В Палдиски я поехал с женой и сыном Юркой, но жить с ними мне не пришлось. Под новый, сороковой год всю нашу береговую батарею переправили на остров Даго. Там на мысе мы должны были построить доты и установить дальнобойные пушки.
Зима. Холод. Сильные ветры. Кругом снег, камни и сосны. Селений поблизости нет, только хутора эстонские. Пришлось жить в палатках. Проснешься, а на волосах иней.
Мерзлую землю долбить нечем - лом да лопата. Ни валенок, ни шуб. Даже рукавиц брезентовых не хватило. А мороз сорок градусов. На тачках колеса не вертятся.
Мы ни одного дня не пропустили, рыли траншеи, цементом заливали. Отогревались у костров и печурок. Хотели свой мыс сделать неприступным.
Когда снег сошел, мы благоустройством занялись. Красный уголок построили, кинокартины крутили. К нам со всех хуторов эстонцы на велосипедах съезжались. Фильмы мы им показывали, но к батарее близко не подпускали.
Потом меня перевели на мыс Тахкун. Там стотридцатки устанавливали. У меня зимний опыт был, да и командира батареи хорошего прислали - старшего лейтенанта Галанина. Умный, спокойный. Знал, как строить, как пушки ставить и как из них стрелять.
Здесь близко поселок был. Я вызвал жену с Юркой и поселил у эстонки. Обедать и ужинать домой забегал.
Построили мы крепкие, непробойные доты. Но пушки еще на времянках стояли, когда началась война.
Вечером я с самодеятельностью в городишко Керло отправился. Но долго веселиться не пришлось: объявили тревогу. Мы все вернулись на батарею и были в готовности номер два. Но если бы в эту ночь напала на нас авиация, то одной бомбы хватило бы, чтобы вывести из строя батарею. Доты стояли пустыми.

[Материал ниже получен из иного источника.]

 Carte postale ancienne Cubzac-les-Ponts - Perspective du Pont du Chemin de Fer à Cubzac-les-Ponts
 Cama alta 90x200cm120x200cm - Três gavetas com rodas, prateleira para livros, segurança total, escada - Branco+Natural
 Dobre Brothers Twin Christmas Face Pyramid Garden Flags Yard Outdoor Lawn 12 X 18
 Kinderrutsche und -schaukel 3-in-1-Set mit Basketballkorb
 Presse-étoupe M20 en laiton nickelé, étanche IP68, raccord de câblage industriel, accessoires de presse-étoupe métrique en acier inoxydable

Утром нам боезапаса подбросили. Думаем: "К чему бы? Учения, видно, будут".
В двенадцать дня забежал домой пообедать. Включил приемник, слышу: Гитлер напал! Мне аж жарко стало. Взглянул на жену и говорю:
- Укладывай чемоданы, вам с Юркой уезжать надо.

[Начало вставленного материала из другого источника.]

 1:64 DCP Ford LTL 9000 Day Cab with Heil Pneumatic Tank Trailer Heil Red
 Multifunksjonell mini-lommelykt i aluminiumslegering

- Никуда мы без тебя не поедем, - заупрямилась она. - Я войны не боюсь.
А у самой губы трясутся. В глазах слезы.
- Будь умницей, - говорю. - Остров передовой линией морского фронта станет. Снаряды здесь землю перепашут. Вас в доты не укроешь. Уезжай на Волгу и живи там у наших.
Схватил фуражку и, не дослушав радио, бегом на батарею. Там митинг собрал. Решили немедля приступить к работе и не прекращать, пока пушки в дотах не укроем.
Семьдесят часов мы не спали, но пушки на железобетон поставили. Палаточный лагерь снесли и глубокие землянки, блиндажи построили. Склады тоже в землю укрыли. В общем, привели батарею в полную боевую готовность.
Второго числа буксир достали, чтобы семьи на материк перебросить. Жены плакали, некоторых не оторвать было от мужей. Но все уехали. Сразу у нас на сердце отлегло: хоть их бомбить не будут.
Зажили мы холостяцкой боевой жизнью. В первые дни тревожила только авиация. Но бомбы большого вреда не причиняли, лишь песок разбрасывали да воронки оставляли. А война все разгоралась. Немцы Латвию заняли, Таллинн окружили. Пробовали на нас с моря нападать, но обожглись: пушки точно били, с двух - трех выстрелов корабль накрывали.
Очень мне нравился наш старший лейтенант. В бою спокоен, голоса не меняет. Молодец! И командиров орудий хладнокровию научил. А для артиллериста это наипервейшее дело. Не суетись - будешь стрелять без промаха. И мне при таком командире легче моральный дух поддерживать. Когда флот ушел из Таллинна, бойцы не унывали, хотя понимали, что остались в глубоком тылу противника.